## Your objective
What follows is a set of records. Retype them exactly, leaving out the pictures.

[Excerpts from a dataset]
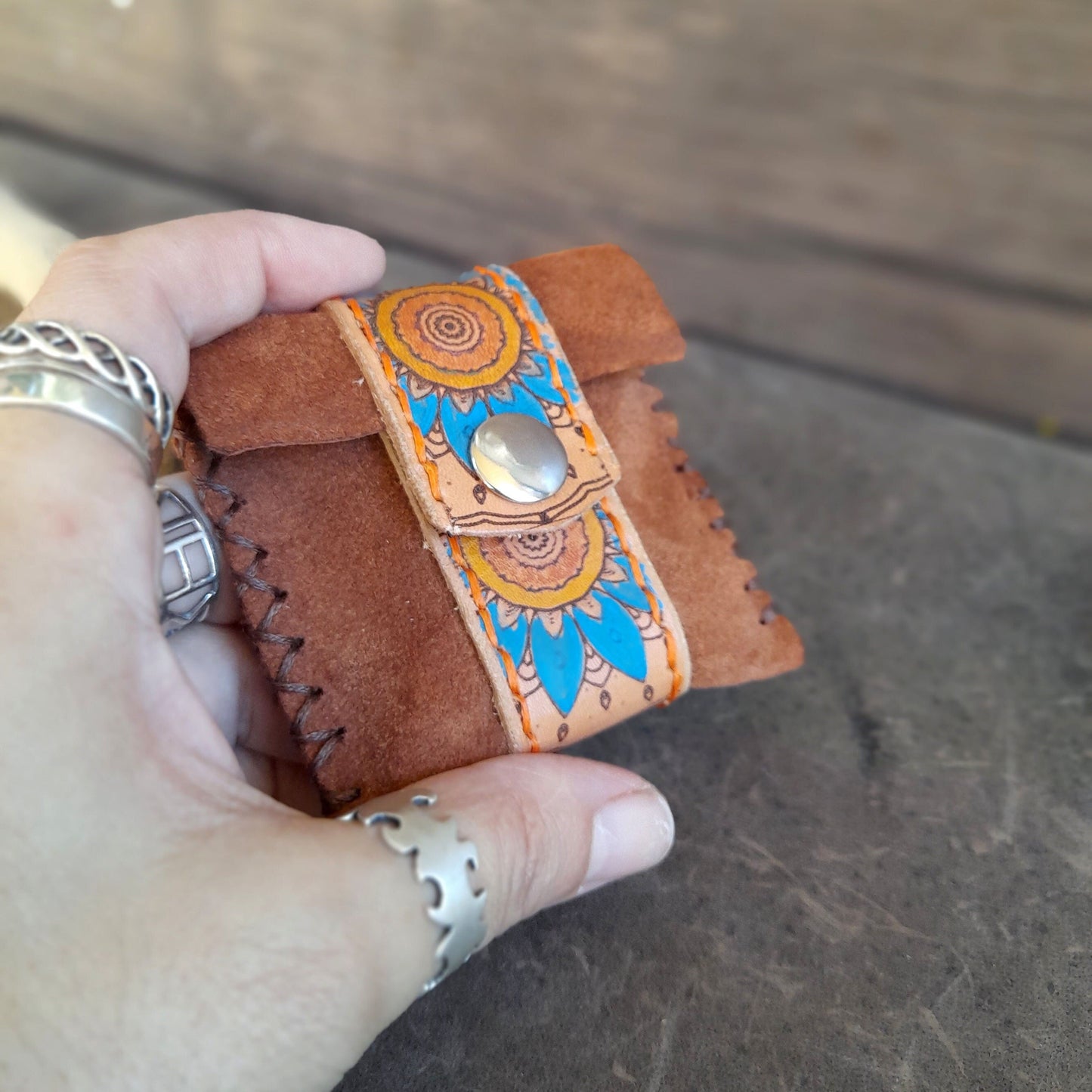 Hand Painted Brown Suede Coin Pouch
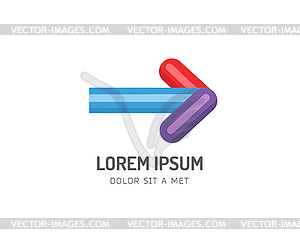 Colored arrow logo . Stock . Abstract, arrow, - vector image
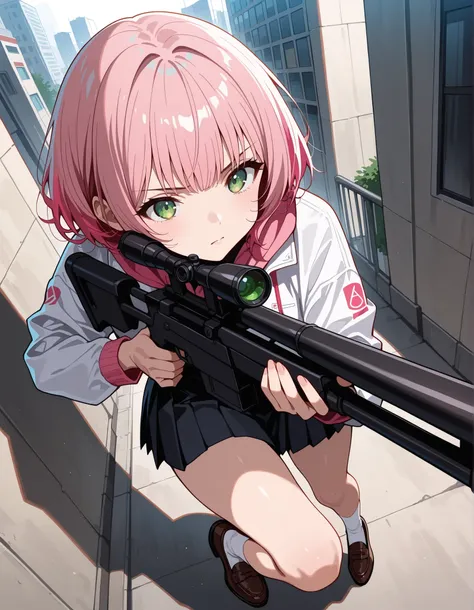 score_9,score_8_up,score_7_up, 1girl, 17 years old, beautiful woman, beautiful face
BREAK
A girl with a serious expression has (short, pink-bobbed hair: 1.4), green eyes, and is wearing a light jacket over a dark top. She is dressed in a dark grey pleated ...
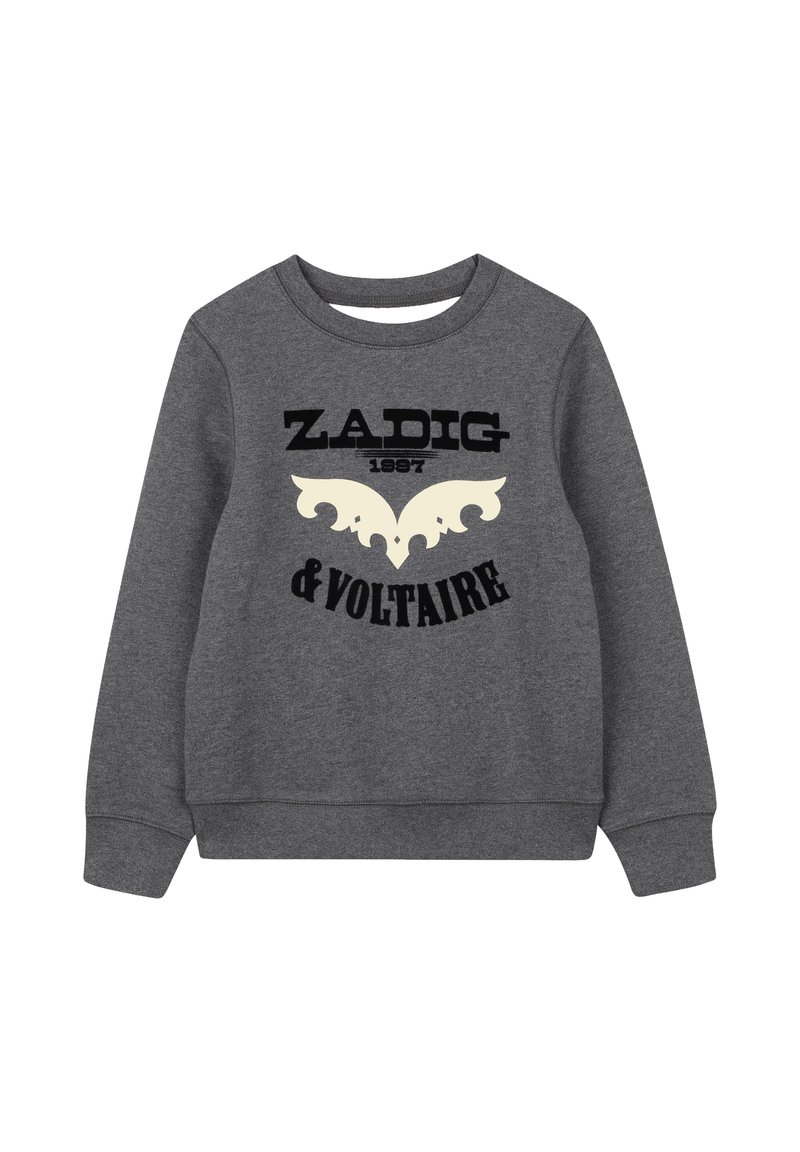 Grijze sweatshirt van een katoenmix, met de tekst "ZADIG 1997 & VOLTAIRE" in zwart en crème, inclusief een decoratieve vleugelafbeelding.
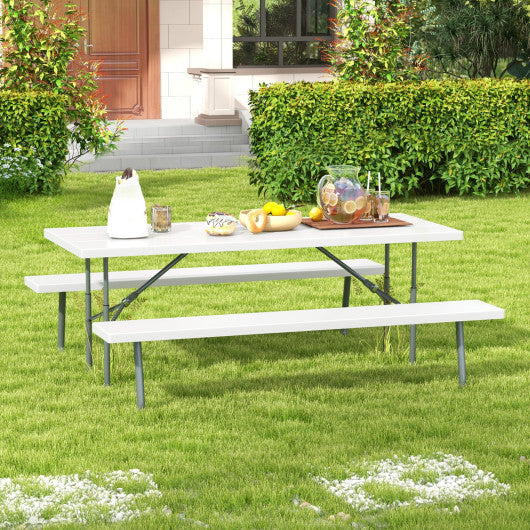 Folding Picnic Table Set with Metal Frame and All-Weather HDPE Tabletop Umbrella Hole-White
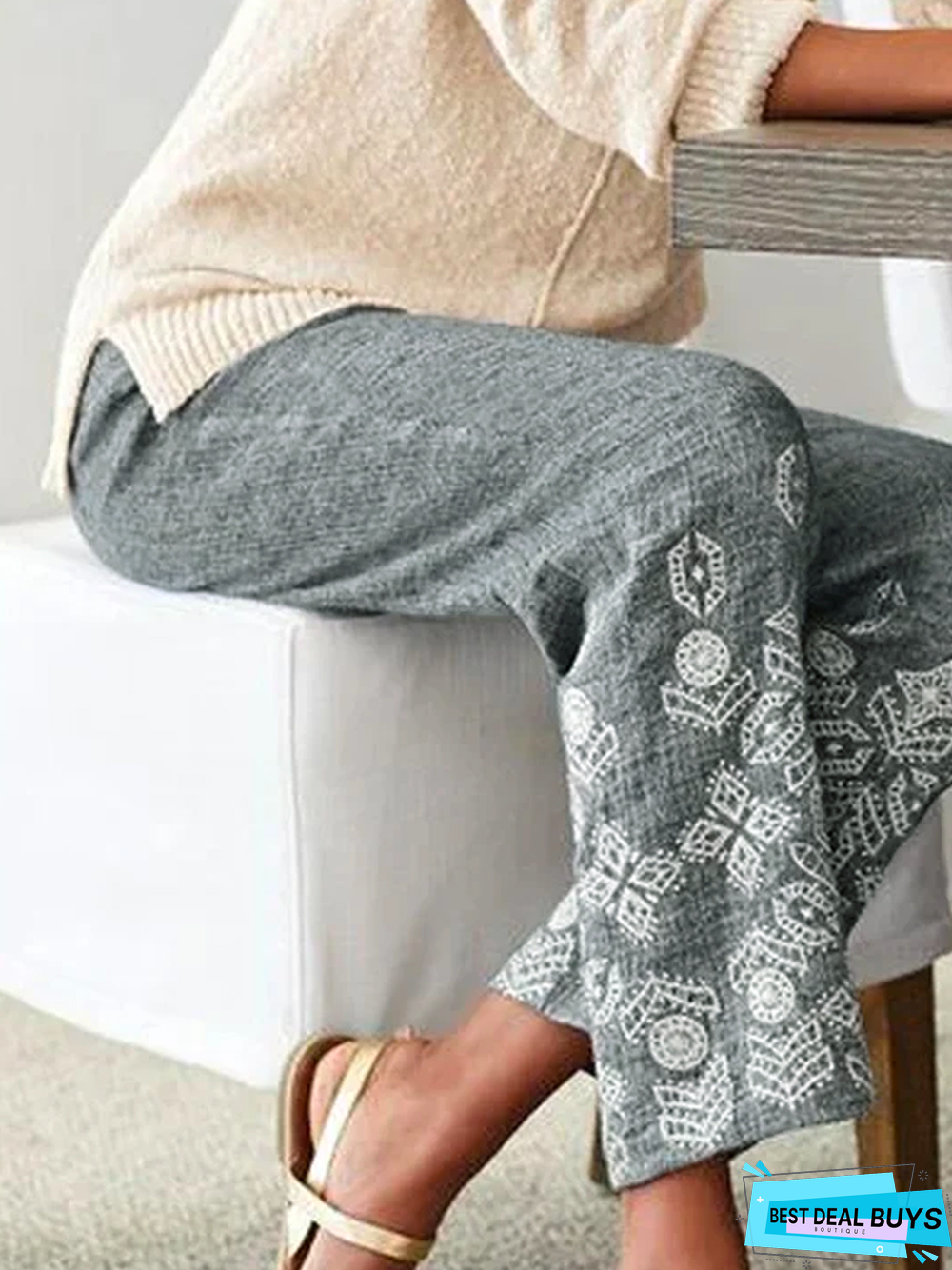 Loose Cotton Floral Casual Pants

## Answer to the exercise
 Hand Painted Brown Suede Coin Pouch
 Colored arrow logo . Stock . Abstract, arrow, - vector image
 score_9,score_8_up,score_7_up, 1girl, 17 years old, beautiful woman, beautiful face
BREAK
A girl with a serious expression has (short, pink-bobbed hair: 1.4), green eyes, and is wearing a light jacket over a dark top. She is dressed in a dark grey pleated ...
 Grijze sweatshirt van een katoenmix, met de tekst "ZADIG 1997 & VOLTAIRE" in zwart en crème, inclusief een decoratieve vleugelafbeelding.
 Folding Picnic Table Set with Metal Frame and All-Weather HDPE Tabletop Umbrella Hole-White
 Loose Cotton Floral Casual Pants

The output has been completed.